Re: Query-time synonyms without indexing

Posted by Erick Erickson <er...@gmail.com>.

Not sure. You have an
<analyzer>
section and 
<analyzer=“query”>

section. Frankly I’m not sure which one will be used for the index-time chain.

Why don’t you just try it?
change
<analyzer>
to 
<analyzer=“index”>

reload and go. It’d take you 5 minutes and you’d have your answer.

Best,
Erick


> On Aug 28, 2019, at 1:57 AM, Bjarke Buur Mortensen <mo...@eluence.com> wrote:
> 
> Yes, but isn't that what I am already doing in this case (look at the
> fieldType in the original mail)?
> Is there some other way to specify that field type and achieve what I want?
> 
> Thanks,
> Bjarke
> 
> On Tue, Aug 27, 2019, 17:32 Erick Erickson <er...@gmail.com> wrote:
> 
>> You can have separate index and query time analysis chains, there are many
>> examples in the stock Solr schemas.
>> 
>> Best,
>> Erick
>> 
>>> On Aug 27, 2019, at 8:48 AM, Bjarke Buur Mortensen <
>> mortensen@eluence.com> wrote:
>>> 
>>> We have a solr file of type "string".
>>> It turns out that we need to do synonym expansion on query time in order
>> to
>>> account for some changes over time in the values stored in that field.
>>> 
>>> So we have tried introducing a custom fieldType that applies the synonym
>>> filter at query time only (see bottom of mail), but that requires us to
>>> change the field. But now, when we index new documents, Solr complains:
>>> 400 Bad Request
>>> Error: 'Exception writing document id someid to the index; possible
>>> analysis error: cannot change field "auth_country_code" from index
>>> options=DOCS to inconsistent index options=DOCS_AND_FREQS_AND_POSITIONS',
>>> 
>>> Since we are only making query time changes, I would really like to not
>>> have to reindex our entire collection.

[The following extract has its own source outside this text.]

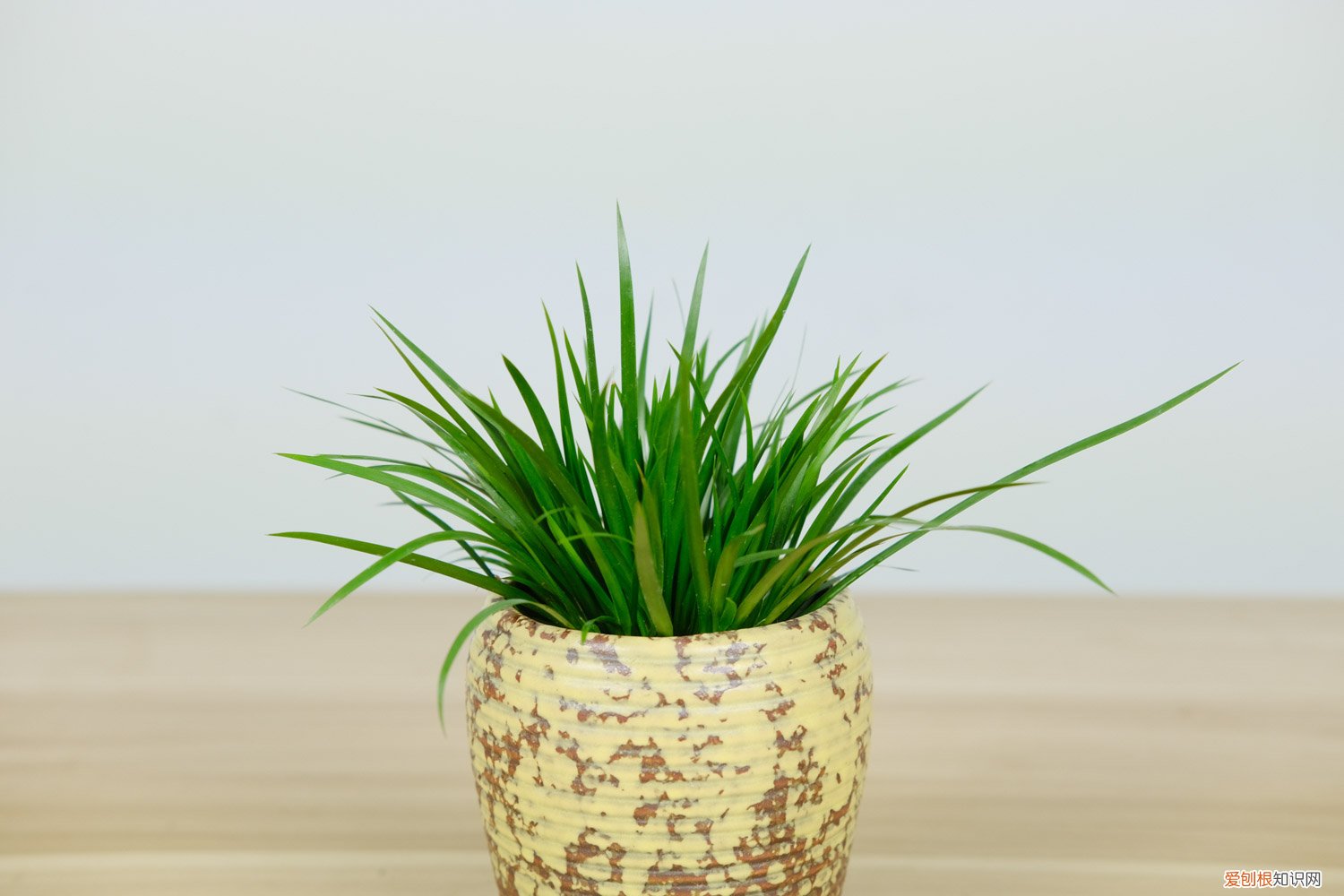 昌蒲草盆景怎么培养视频 昌蒲草盆景怎么培养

Is that possible somehow?
>>> 
>>> Thanks,
>>> Bjarke
>>> 
>>> 
>>> <fieldType name="country_codes" class="solr.TextField"
>>> sortMissingLast="true" positionIncrementGap="100">
>>>   <analyzer>
>>>       <tokenizer class="solr.KeywordTokenizerFactory"/>  <!-- no
>>> splitting of input -->
>>>   </analyzer>
>>>   <analyzer type="query">
>>>       <tokenizer class="solr.KeywordTokenizerFactory"/>
>>>       <filter class="solr.SynonymGraphFilterFactory"
>>> synonyms="country-synonyms.txt" ignoreCase="false" expand="true"/>
>>>   </analyzer>
>>> </fieldType>
>> 
>>

Re: Query-time synonyms without indexing

Posted by Bjarke Buur Mortensen <mo...@eluence.com>.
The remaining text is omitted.